If you were a farmer in Ukraine what would you plant? How much would you spend? Would you be alive to harvest? Would you even be alive to plant? Would you want your family to take over your farm?
We have noticed fuel, cereal, and other everyday products prices have skyrocketed because the ongoing war has disrupted or totally cutoff supply chains from Ukraine and Russia. Neither fuel nor food prices will return to prices we were used to for many, many years, if ever.
Canada has and can supply more fuel and food than Canadians need but, since the international market prices are elevated, Canadian prices will follow. Canadian farmers were already worried about rises in prices for fertilizer, seed and other chemicals doubling before the Russian invasion of Ukraine but now the fuel needed to plant, harvest and transport crops has more than doubled too.
Many people wonder why prices for products that Canada has a surplus of such as gas, all cereal products, meat, dairy products, and even potash fertilizer has skyrocketed? There are only four major international companies that buy, sell and market grain in the world. There are also only a handful of petroleum companies in the world. There are also only a handful of chemical companies that control fertilizer, seed and crop chemicals in our world. They have always been interested in making profits to keep their shareholders happy.
For too many years, too many people in this world denied climate change that our scientists have warned us about for the past decade or more. Before this invasion of Ukraine by Russia even started, most of the world agreed that we must address this for real war on reducing, stopping and reversing climate change.
Farmers had become used to listening to some huge, profitable chemical companies tell them that if they used their crop sprays and the seeds engineered to go with them, that life on the farm would be more productive and more profitable. Now farmers are being told that they must return to the way grandpa or even great-grandpa grew crops, only with new scientific reasons and methods to look after our soil and grow crops. For most of today’s farmers this is going to be the largest change in their lives and will require some high speed training and lots of experimental work on the farm.
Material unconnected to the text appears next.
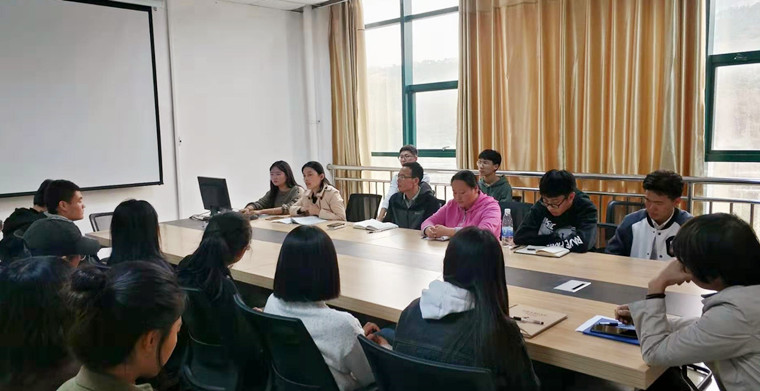 信息资源部举办图书馆学术研究协会新生见面会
This is all coming at a time when the world needs more food and everyone is complaining about how expensive everything is.
So, what will our farmers plant is this spring? Ukraine was a huge producer of corn, wheat, barley, canola, potatoes, sunflower seed, sugar beets, milk, soybeans and many other vegetables. Because of the skyrocketing costs of fertilizer and fuel, all farmers initially look for something less expensive to plant. Famers will always be looking at what crops they need to make a balanced ration for their animals with as little purchased feeds as possible. With the extreme price increase in wheat price, some western grain farmers will be looking to plant more wheat.
If canola and soybean prices escalate, margarine prices may make butter more appealing to some. A trip to the gym burning that $2/litre of gas may make weeding a little garden in the back yard look like a very productive and less expensive exercise. Even growing a few tomatoes and veggies in flower pots on the balcony could not only give satisfaction to a balcony farmer but knock a few dollars off the food budget. At our house there is now a little herb greenhouse in the kitchen window. Grandma always kept a couple flower plants of parsley on the kitchen window sill beside the African violets, so there is nothing new here.
As we watch millions of Ukraine refugees scramble for their lives while carrying a child or a pet, we place new values on clean air and water, safe food and a safe place to sleep at night. Freedom is a luxury that too many in this world never know.
My dad once said, “Nothing like a few bad days to make us appreciate a good day.”